*** Opening PROVIDED MATERIAL ***

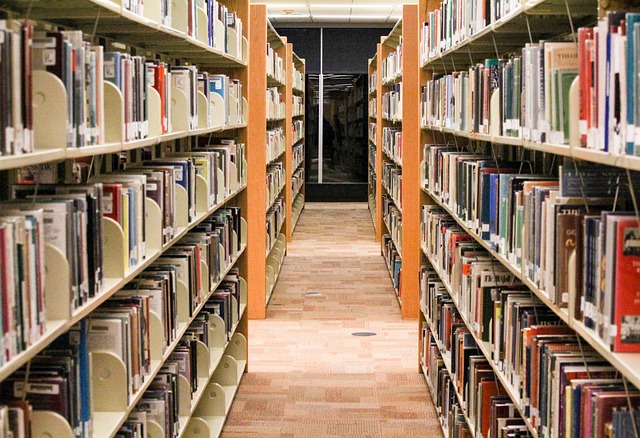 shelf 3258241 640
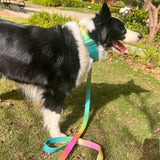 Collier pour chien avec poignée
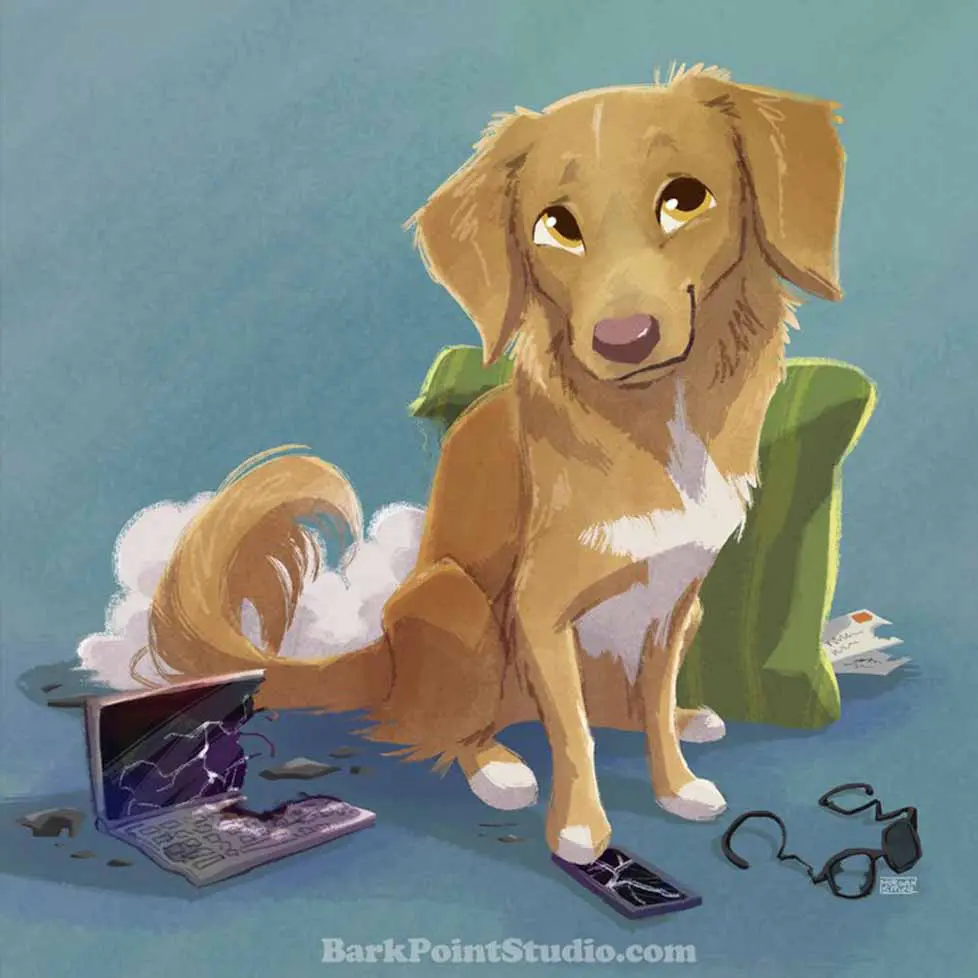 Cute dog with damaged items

*** Closing PROVIDED MATERIAL ***
*** Opening PROVIDED MATERIAL ***

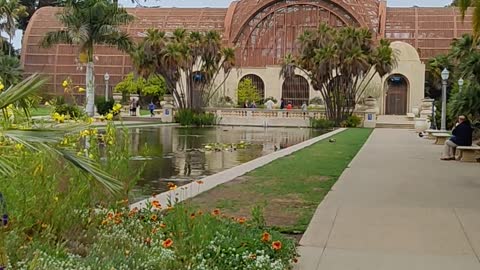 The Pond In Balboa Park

*** Closing PROVIDED MATERIAL ***
*** Opening PROVIDED MATERIAL ***

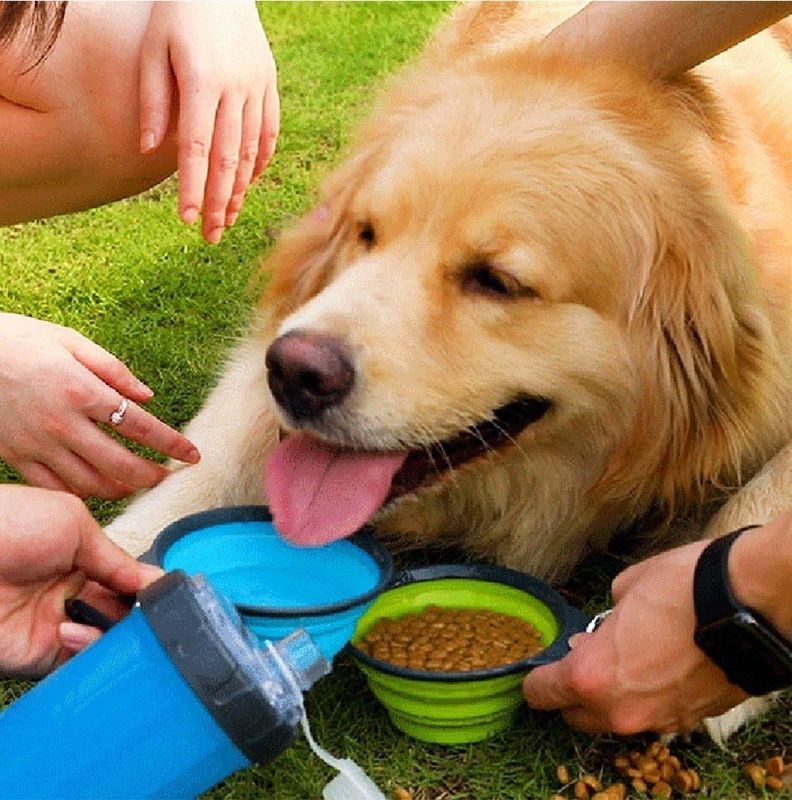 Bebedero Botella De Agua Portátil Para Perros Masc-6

*** Closing PROVIDED MATERIAL ***

YOUR OBJECTIVE: In the material above, which lines fall between the one holding "shelf 3258241 640" and the one holding "Cute dog with damaged items", inclusive? Print exactly those, with the pictures left out.

WRITTEN RESPONSE:
 shelf 3258241 640
 Collier pour chien avec poignée
 Cute dog with damaged items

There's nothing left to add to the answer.